In a world in which there are an increasing number of identical products, DIY lets you differentiate yourself, creating unique objects with a personal touch. People can build their own identity through the creation of objects that have a personal significance.
There is also an important stress-reducing aspect to DIY, letting us disconnect and find a quiet corner, a haven from the accelerated pace and anxiety of life. This enriching leisure option lets us escape from our problems, exercise our minds and tackle new challenges.
“However, the most important aspect of all, in my opinion, is that it gives people a purpose” (Trias de Bes, 2014). This meaning takes the place of myths and values, giving significance to certain moments in the lives of those involved.
Leaving your mark
To sum up, DIY is a form of self-expression that lets people differentiate them, generating a broad range of positive feelings and emotions for those who take on projects.

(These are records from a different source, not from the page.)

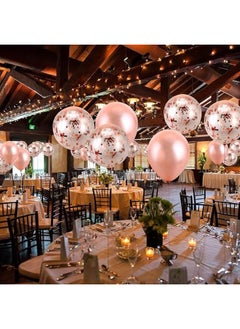Secret Happy Birthday Balloons Decorations  - Image 1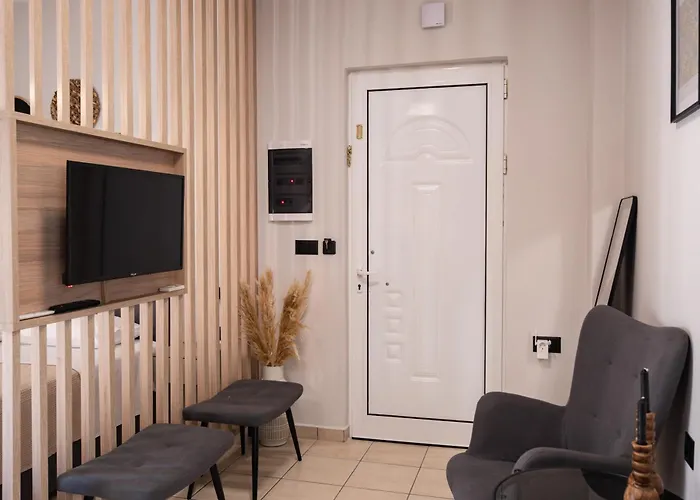 Apartment Nektaria *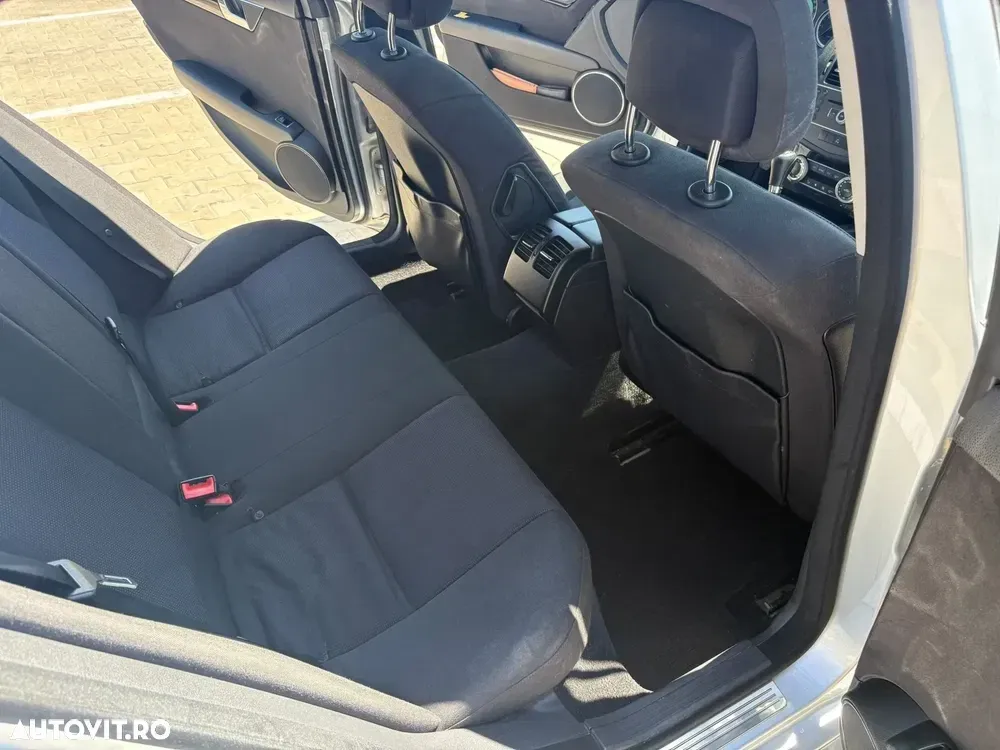 Mercedes-Benz C 200 CDI DPF BlueEFFICIENCY — imagine 6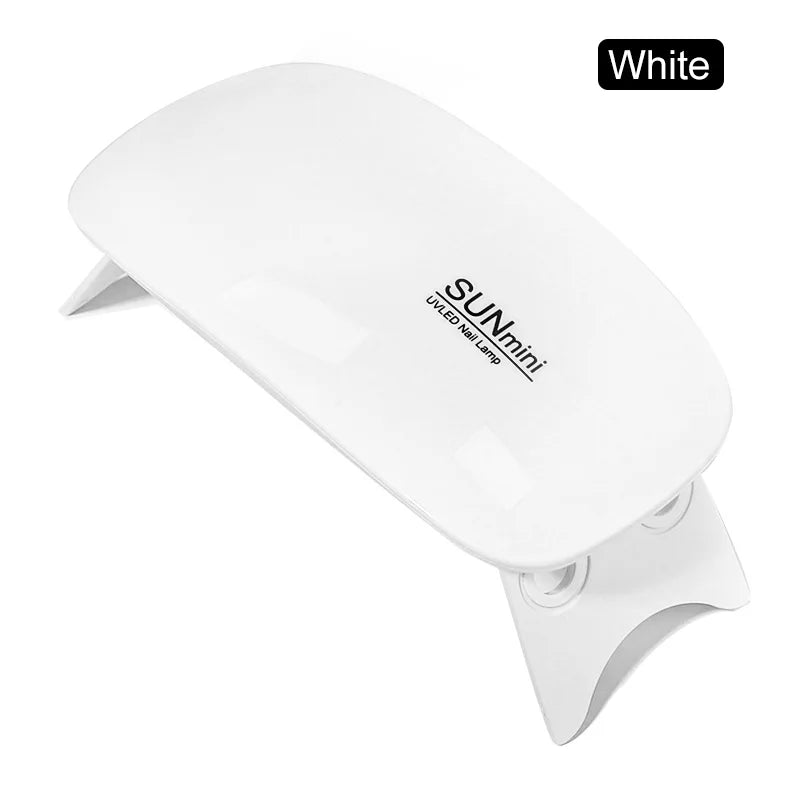 24/6 LED UV Nail Lamp Dryer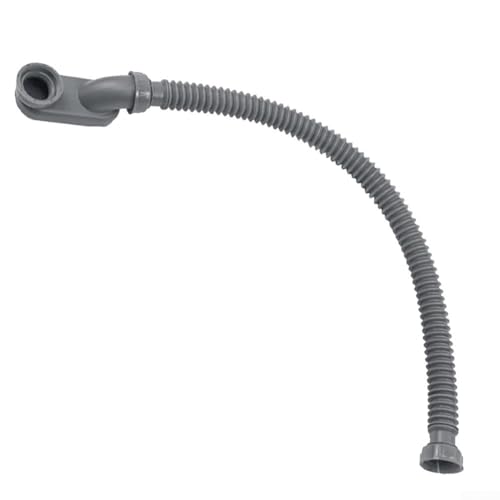 Biegbares und dehnbares Abflussrohr für Duschen, niedriges Profil, P-Falle entwickelt, um die Frische des Badezimmers zu verbessern von Yhenlovtt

As some are already doing, suppliers and retail chains can take advantage of customers’ clear desire to customize and participate in the creation of products and objects. Rather than providing a completely finished product, this means offering something that can be customized and finished by each customer, with a higher or lower commitment of time and effort, thereby letting them leave their mark on it.
In the majority of sectors, mass customization is already a reality that is here to stay.

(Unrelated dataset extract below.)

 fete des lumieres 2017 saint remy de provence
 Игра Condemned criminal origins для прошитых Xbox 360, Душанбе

Atkinson, P. (2006) “Do it Yourself: democracy and design”. Journal of design history, 19(1), pp. 1-10.
El Costurero. (2012) “¿Por qué lo llaman ‘crafts’ cuando quieren decir ‘manualidades’?” (Available here).
Kuznetsov, S. & Paulos, E. (2010) “Rise of the expert amateur: DIY projects, communities and cultures”. NordiCHI’10 – Proceedings of the 6th Nordic Conference on Human-Computer Interaction, Extending Boundaries, pp. 29-304.
Naisbitt, J. (2001) “High tech/High Touch. Technology and our accelerated search for meaning”. Nicholas Braely Publishing.
Norton, M., Mochon, D. & Ariely, D. (2011) “The ‘IKEA Effect’: When Labour Leads to Love”. Harvard Business School. Working Paper, 11-091.
Trias de Bes, Fernando (2014) “De los mercados a los significados”. La Vanguardia, 20th April.